O propósito deste artigo é estudar a língua em viagem na tradução do desenvolvimento sustentável para empresários do Brasil e de Portugal. O WBCSD, entidade foco deste estudo, atua no percurso de significação com a publicação de guias que visam orientar o discurso de gestão sustentável no ambiente corporativo. Na pesquisa analisou-se a disputa de poder que ocorre na definição do conceito de desenvolvimento sustentável (DS) e se propôs a metáfora think tanke como modo de traduzir a relação dos empresários com a questão socioambiental. A análise dos discursos, a luz da desconstrução de Derrida, permitiu estudar as estruturas políticas e institucionais que facilitam e dificultam a acolhida da discussão de desenvolvimento sustentável. Essas estruturas foram desenvolvidas na “história do pensamento ocidental”, seja por meio de “textos filosóficos”, ou em “formas e instituições tais como o governo, a universidade, a identidade nacional, o conceito de dom ou a ideia de enlutamento” (WOLFREYS, 2009, p. 51).
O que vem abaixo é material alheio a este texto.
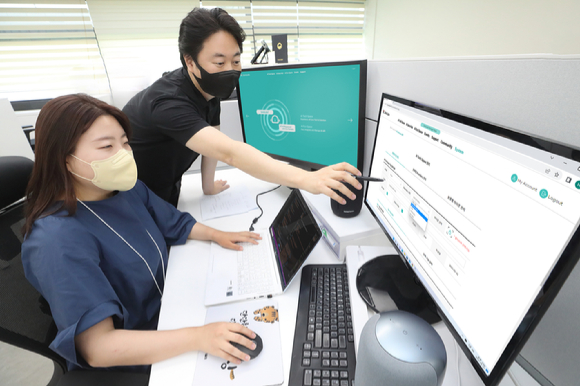 지니랩스 이미지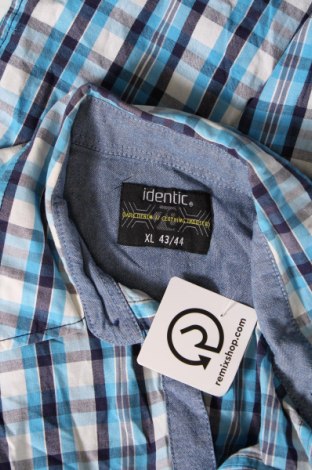 Pánská košile  Identic, Velikost XL, Barva Vícebarevné, Cena  277,00 Kč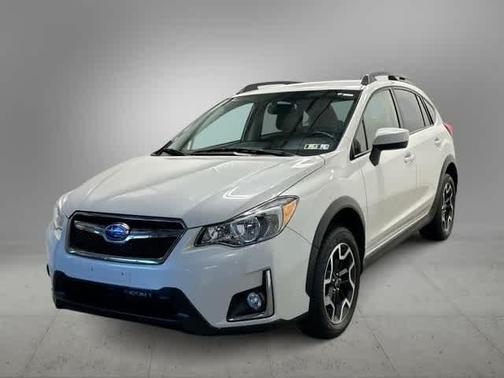 2016 Subaru Crosstrek 2.0i Premium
Há o luto da presença, o luto da razão, o luto do sujeito e o luto de qualquer instância soberana (DERRIDA, 2013, p. 105). Verificou-se que a metáfora da Empresa Sustentável, desenvolvida neste processo de tradução, é insuficiente para acolher as diversas interpretações já que o intuito é assimilar e integrar. Na metáfora think tanke, por sua vez, reconhece-se a língua em viagem que demonstra as contradições e ambiguidades do discurso do WBCSD e acolhe as diversas traduções sobre DS. Assume-se um pensamento de alteridade que traduz-se na desconstrução da relação entre hóspede (questão socioambiental) e hospedeiro (empresa). O hospedeiro torna-se refém das imprevisibilidades do hóspede (alterações climáticas, disponibilidade de água, biodiversidade etc), já que o “hospedeiro torna-se hóspede do hóspede” (DERRIDA, 2003, p. 109).